-- Source information follows --
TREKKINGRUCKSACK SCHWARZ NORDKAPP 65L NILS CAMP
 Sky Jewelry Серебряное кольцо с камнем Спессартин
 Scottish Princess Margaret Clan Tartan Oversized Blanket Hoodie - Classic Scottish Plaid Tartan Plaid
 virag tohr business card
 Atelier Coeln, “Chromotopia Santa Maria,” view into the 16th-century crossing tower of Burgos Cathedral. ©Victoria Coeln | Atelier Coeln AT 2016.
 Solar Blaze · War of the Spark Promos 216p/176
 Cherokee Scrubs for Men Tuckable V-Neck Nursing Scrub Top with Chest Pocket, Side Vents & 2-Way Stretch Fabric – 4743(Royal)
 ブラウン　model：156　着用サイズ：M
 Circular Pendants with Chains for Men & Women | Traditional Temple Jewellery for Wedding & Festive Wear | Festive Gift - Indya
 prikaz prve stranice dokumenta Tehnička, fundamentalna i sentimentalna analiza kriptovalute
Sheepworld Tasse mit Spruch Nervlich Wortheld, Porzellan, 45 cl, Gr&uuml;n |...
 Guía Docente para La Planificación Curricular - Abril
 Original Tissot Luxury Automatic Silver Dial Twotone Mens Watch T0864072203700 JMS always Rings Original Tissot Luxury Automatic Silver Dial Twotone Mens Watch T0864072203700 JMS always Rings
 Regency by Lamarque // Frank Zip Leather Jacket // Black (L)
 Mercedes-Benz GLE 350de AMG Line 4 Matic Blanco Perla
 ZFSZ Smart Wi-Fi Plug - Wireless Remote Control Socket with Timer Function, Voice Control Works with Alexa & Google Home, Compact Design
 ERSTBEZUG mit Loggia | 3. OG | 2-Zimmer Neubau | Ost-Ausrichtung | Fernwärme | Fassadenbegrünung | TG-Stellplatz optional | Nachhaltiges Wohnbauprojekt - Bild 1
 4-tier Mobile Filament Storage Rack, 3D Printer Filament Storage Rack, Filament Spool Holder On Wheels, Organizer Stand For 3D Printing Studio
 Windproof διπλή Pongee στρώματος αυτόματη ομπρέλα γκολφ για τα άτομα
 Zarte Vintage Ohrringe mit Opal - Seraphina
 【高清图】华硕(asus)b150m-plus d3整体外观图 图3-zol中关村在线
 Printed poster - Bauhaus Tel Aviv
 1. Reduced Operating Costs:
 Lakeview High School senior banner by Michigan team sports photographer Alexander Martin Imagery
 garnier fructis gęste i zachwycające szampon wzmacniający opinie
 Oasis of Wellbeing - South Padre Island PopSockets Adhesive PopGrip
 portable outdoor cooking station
-- Source information concluded --
Description of the task:
Begin at the line that has "Cherokee Scrubs for" in the entries above; stop after the line that has "ZFSZ Smart Wi-Fi". Transcribe exactly those lines and no others.

Answer to this problem:
 Cherokee Scrubs for Men Tuckable V-Neck Nursing Scrub Top with Chest Pocket, Side Vents & 2-Way Stretch Fabric – 4743(Royal)
 ブラウン　model：156　着用サイズ：M
 Circular Pendants with Chains for Men & Women | Traditional Temple Jewellery for Wedding & Festive Wear | Festive Gift - Indya
 prikaz prve stranice dokumenta Tehnička, fundamentalna i sentimentalna analiza kriptovalute
Sheepworld Tasse mit Spruch Nervlich Wortheld, Porzellan, 45 cl, Gr&uuml;n |...
 Guía Docente para La Planificación Curricular - Abril
 Original Tissot Luxury Automatic Silver Dial Twotone Mens Watch T0864072203700 JMS always Rings Original Tissot Luxury Automatic Silver Dial Twotone Mens Watch T0864072203700 JMS always Rings
 Regency by Lamarque // Frank Zip Leather Jacket // Black (L)
 Mercedes-Benz GLE 350de AMG Line 4 Matic Blanco Perla
 ZFSZ Smart Wi-Fi Plug - Wireless Remote Control Socket with Timer Function, Voice Control Works with Alexa & Google Home, Compact Design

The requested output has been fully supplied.